Task statement. Starting at the line that contains "Deltaco SFTP-611SAH - patch", reproduce every line through the end of the entries below, with no pictures in the copy.

Pictures with short captions
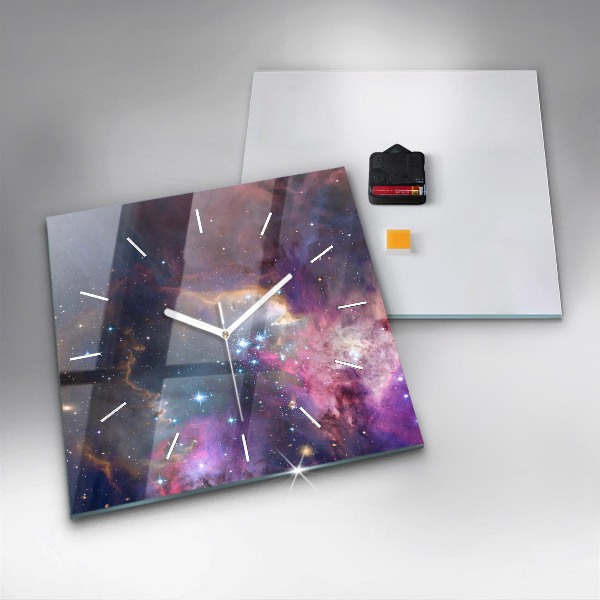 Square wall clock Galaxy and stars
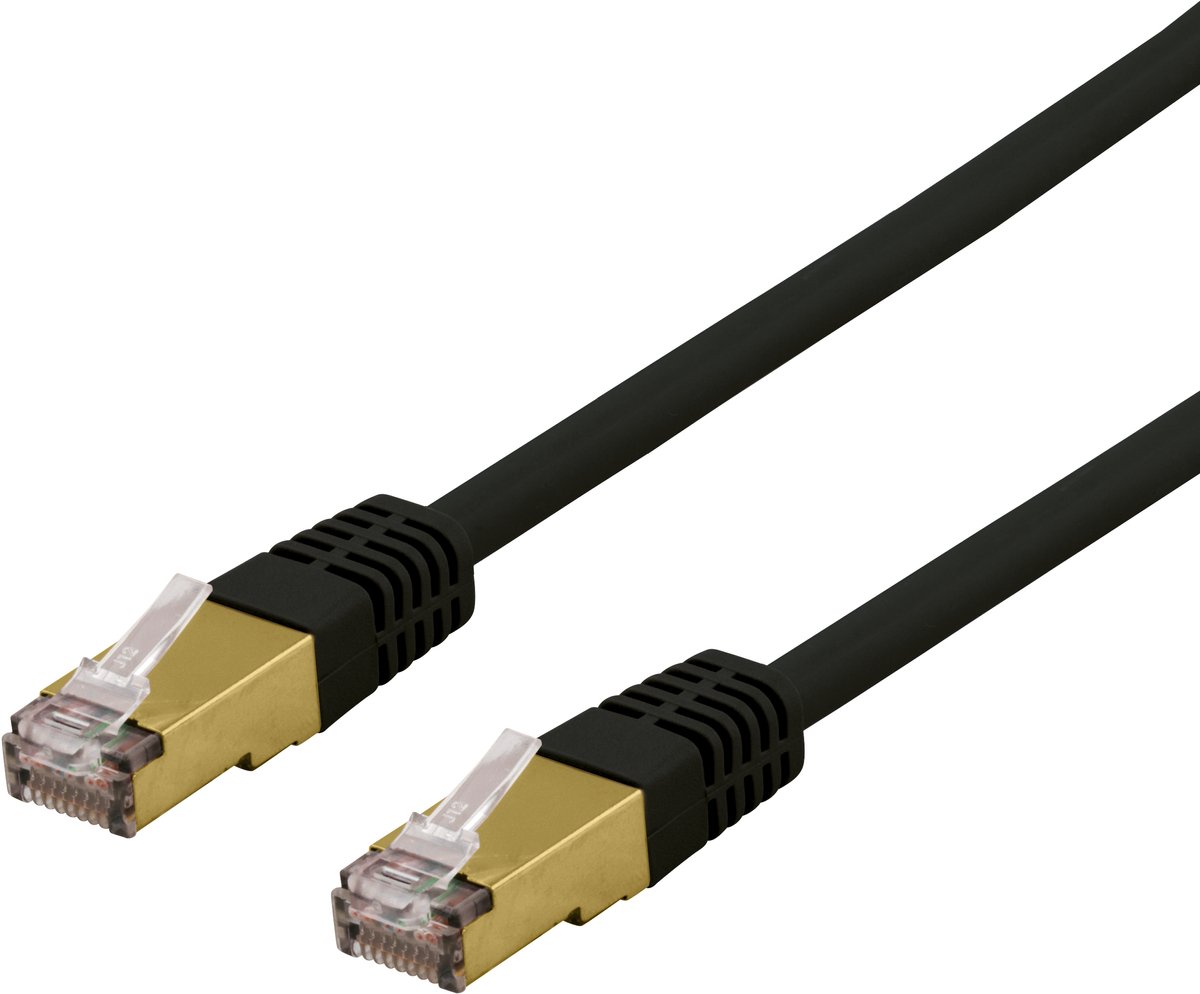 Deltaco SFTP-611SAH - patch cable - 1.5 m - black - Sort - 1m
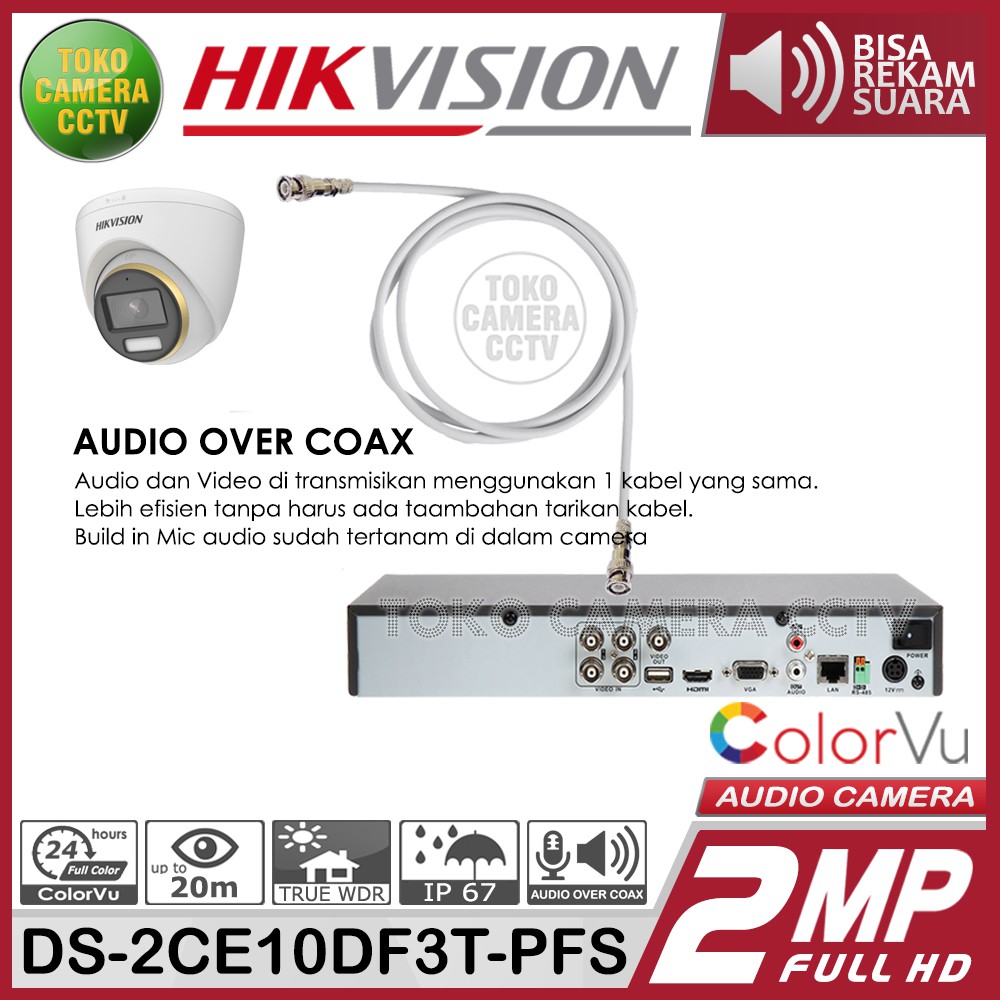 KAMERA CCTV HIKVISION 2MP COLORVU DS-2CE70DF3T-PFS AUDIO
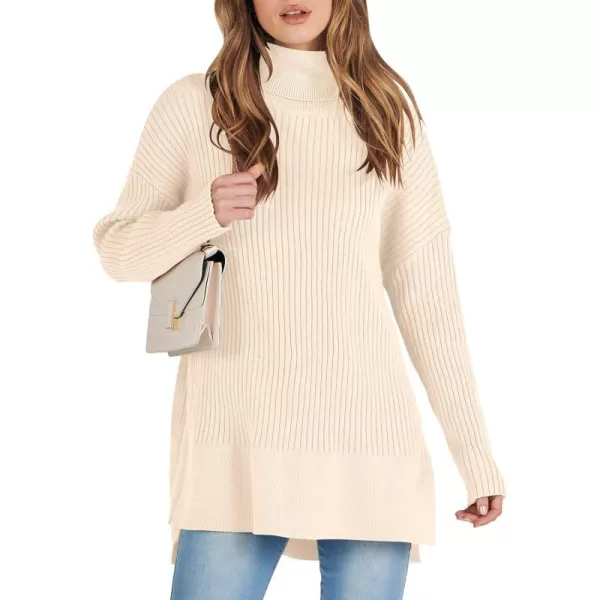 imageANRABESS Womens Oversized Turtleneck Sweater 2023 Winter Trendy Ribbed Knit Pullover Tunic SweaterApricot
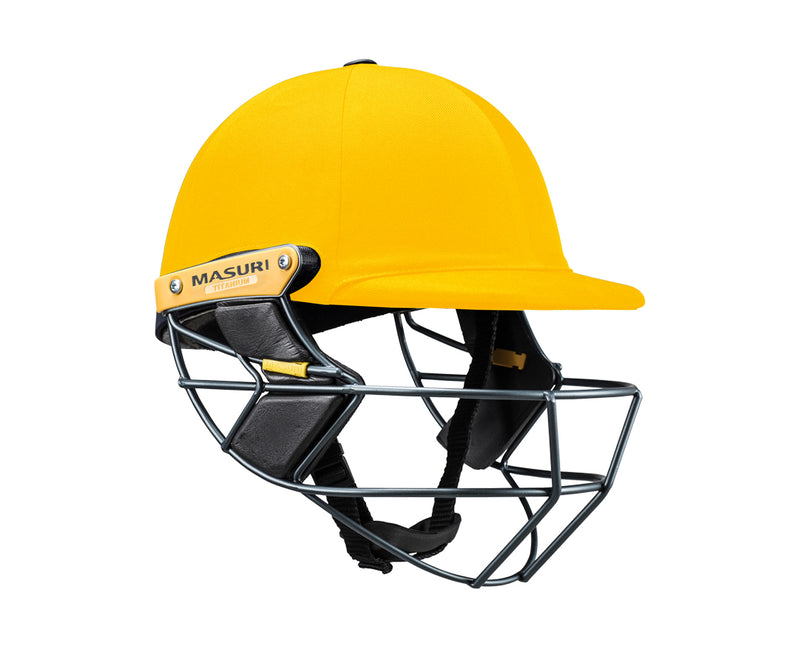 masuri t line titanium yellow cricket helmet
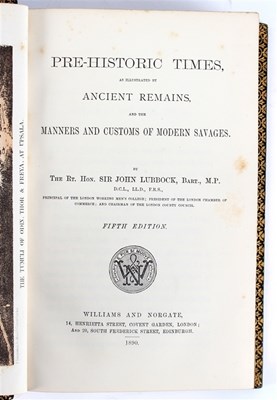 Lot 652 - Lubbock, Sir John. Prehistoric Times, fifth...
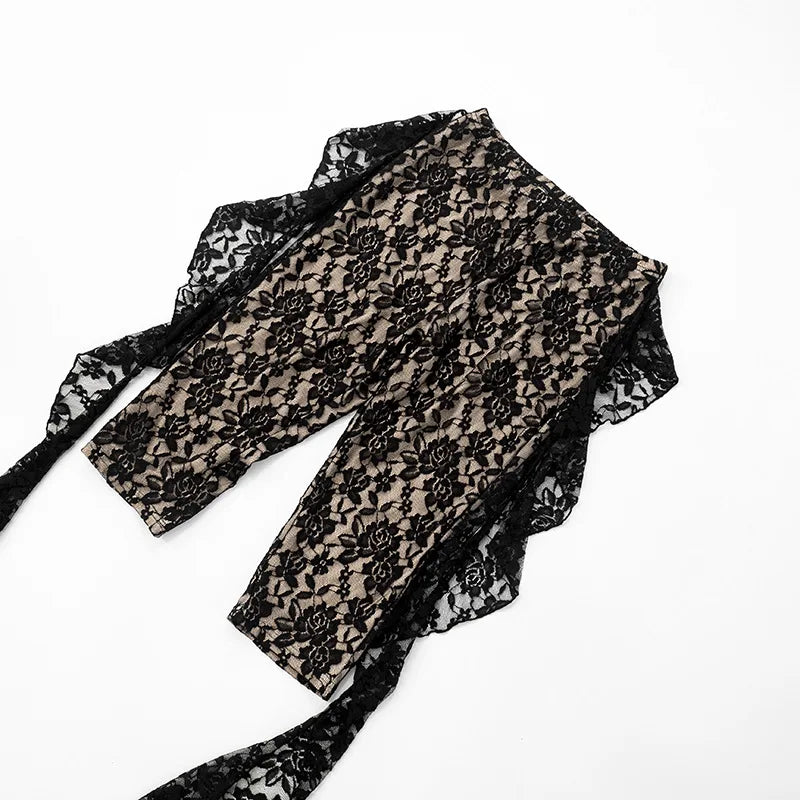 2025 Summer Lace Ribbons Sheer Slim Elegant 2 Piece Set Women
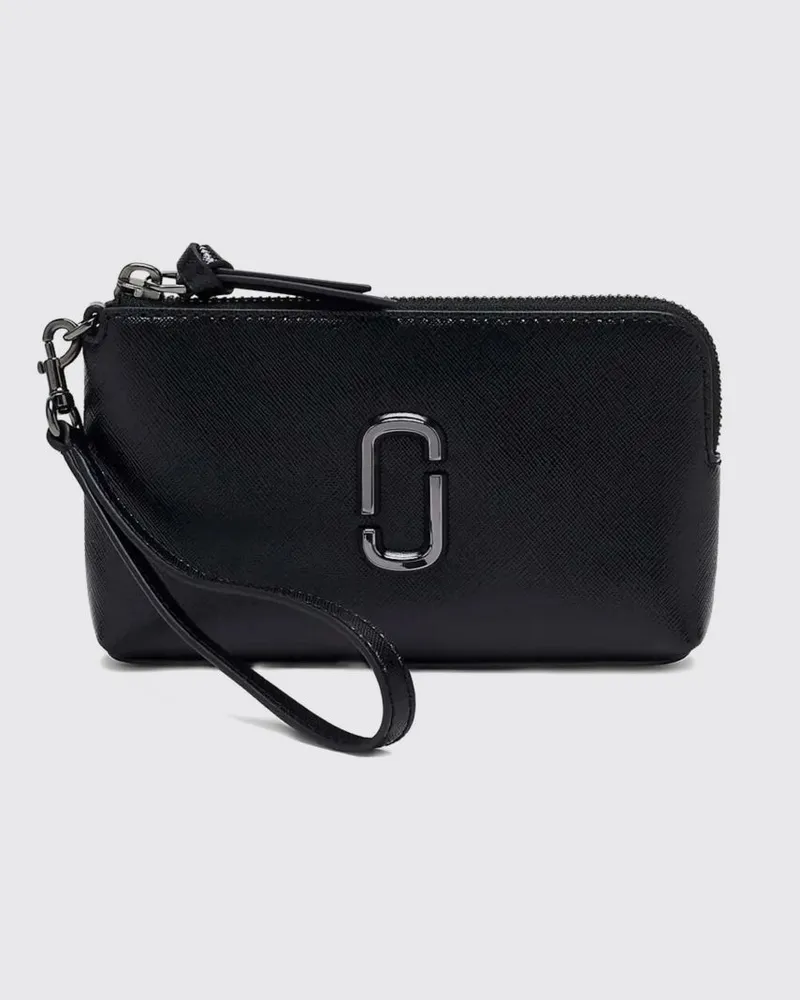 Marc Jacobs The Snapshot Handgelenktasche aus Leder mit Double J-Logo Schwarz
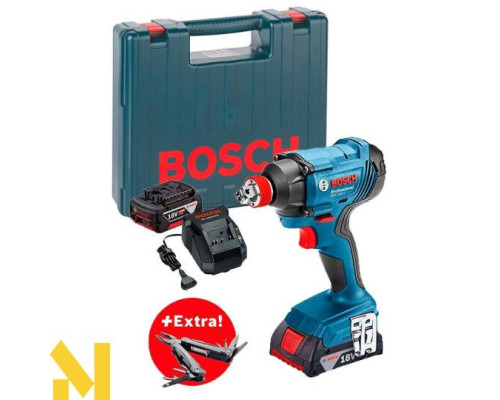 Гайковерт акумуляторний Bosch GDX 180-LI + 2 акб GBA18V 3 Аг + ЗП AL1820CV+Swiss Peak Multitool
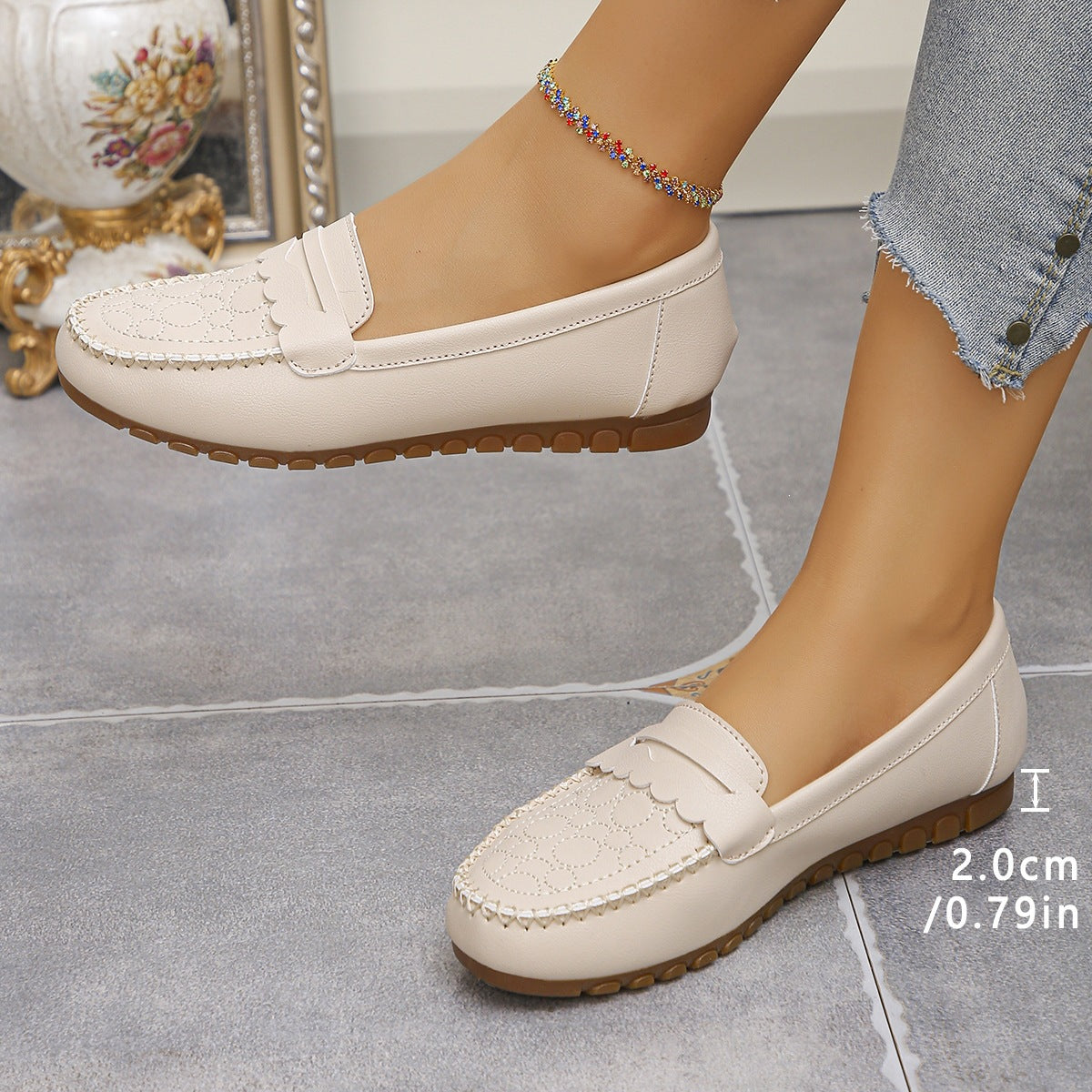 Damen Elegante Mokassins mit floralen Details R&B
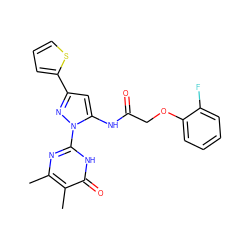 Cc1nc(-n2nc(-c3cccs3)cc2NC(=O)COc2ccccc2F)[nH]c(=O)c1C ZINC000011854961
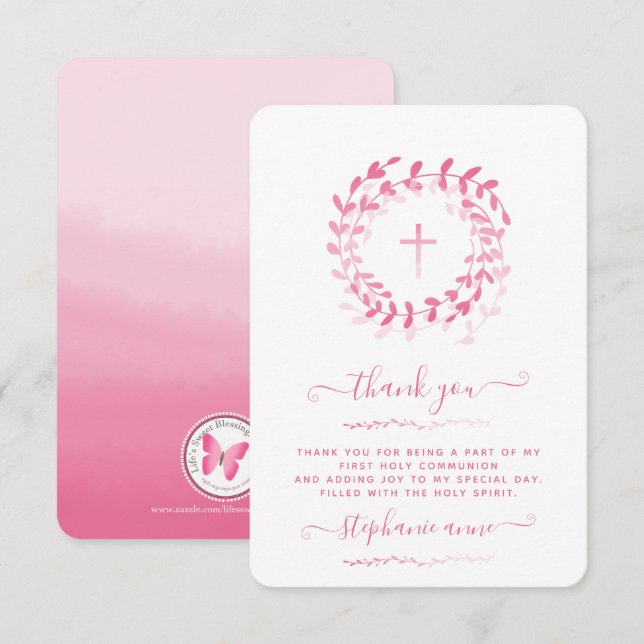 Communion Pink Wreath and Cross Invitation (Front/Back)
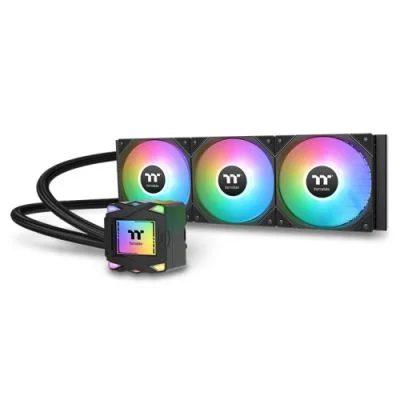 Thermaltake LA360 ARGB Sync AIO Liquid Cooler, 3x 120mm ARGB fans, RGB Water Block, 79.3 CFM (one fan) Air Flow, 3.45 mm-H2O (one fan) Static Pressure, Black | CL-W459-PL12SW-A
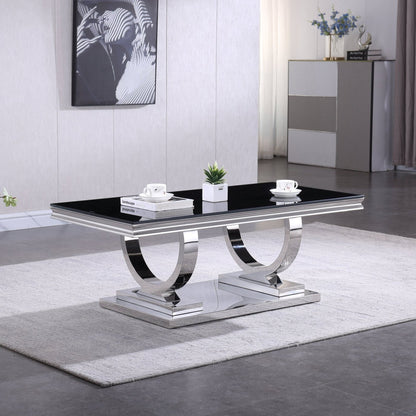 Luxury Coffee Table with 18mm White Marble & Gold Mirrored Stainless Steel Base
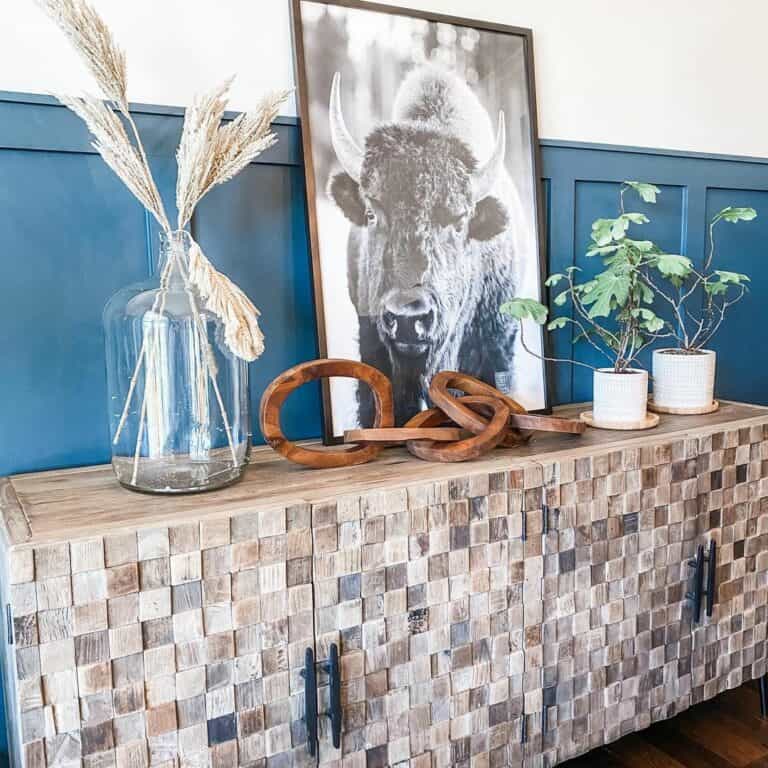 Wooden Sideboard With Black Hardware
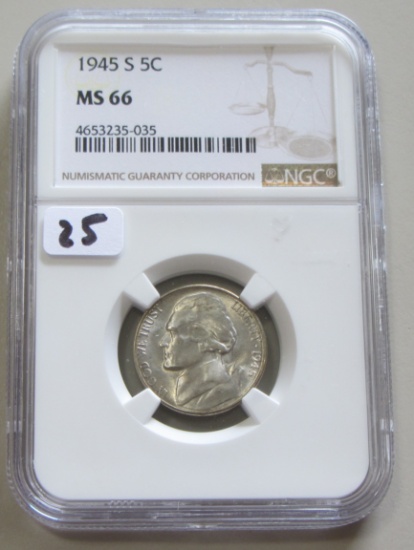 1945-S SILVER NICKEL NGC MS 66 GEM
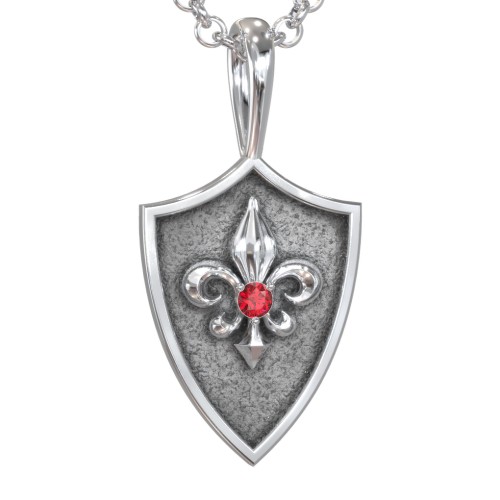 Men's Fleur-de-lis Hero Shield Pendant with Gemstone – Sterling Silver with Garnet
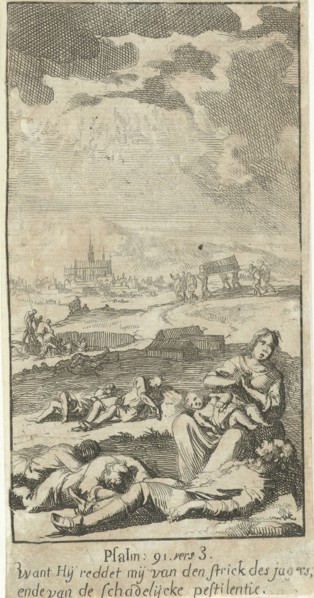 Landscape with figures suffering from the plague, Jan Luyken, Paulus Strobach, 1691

Expected answer.
 Deltaco SFTP-611SAH - patch cable - 1.5 m - black - Sort - 1m
 KAMERA CCTV HIKVISION 2MP COLORVU DS-2CE70DF3T-PFS AUDIO
 imageANRABESS Womens Oversized Turtleneck Sweater 2023 Winter Trendy Ribbed Knit Pullover Tunic SweaterApricot
 masuri t line titanium yellow cricket helmet
 Lot 652 - Lubbock, Sir John. Prehistoric Times, fifth...
 2025 Summer Lace Ribbons Sheer Slim Elegant 2 Piece Set Women
 Marc Jacobs The Snapshot Handgelenktasche aus Leder mit Double J-Logo Schwarz
 Гайковерт акумуляторний Bosch GDX 180-LI + 2 акб GBA18V 3 Аг + ЗП AL1820CV+Swiss Peak Multitool
 Damen Elegante Mokassins mit floralen Details R&B
 Cc1nc(-n2nc(-c3cccs3)cc2NC(=O)COc2ccccc2F)[nH]c(=O)c1C ZINC000011854961
 Communion Pink Wreath and Cross Invitation (Front/Back)
 Thermaltake LA360 ARGB Sync AIO Liquid Cooler, 3x 120mm ARGB fans, RGB Water Block, 79.3 CFM (one fan) Air Flow, 3.45 mm-H2O (one fan) Static Pressure, Black | CL-W459-PL12SW-A
 Luxury Coffee Table with 18mm White Marble & Gold Mirrored Stainless Steel Base
 Wooden Sideboard With Black Hardware
 1945-S SILVER NICKEL NGC MS 66 GEM
 Men's Fleur-de-lis Hero Shield Pendant with Gemstone – Sterling Silver with Garnet
 Landscape with figures suffering from the plague, Jan Luyken, Paulus Strobach, 1691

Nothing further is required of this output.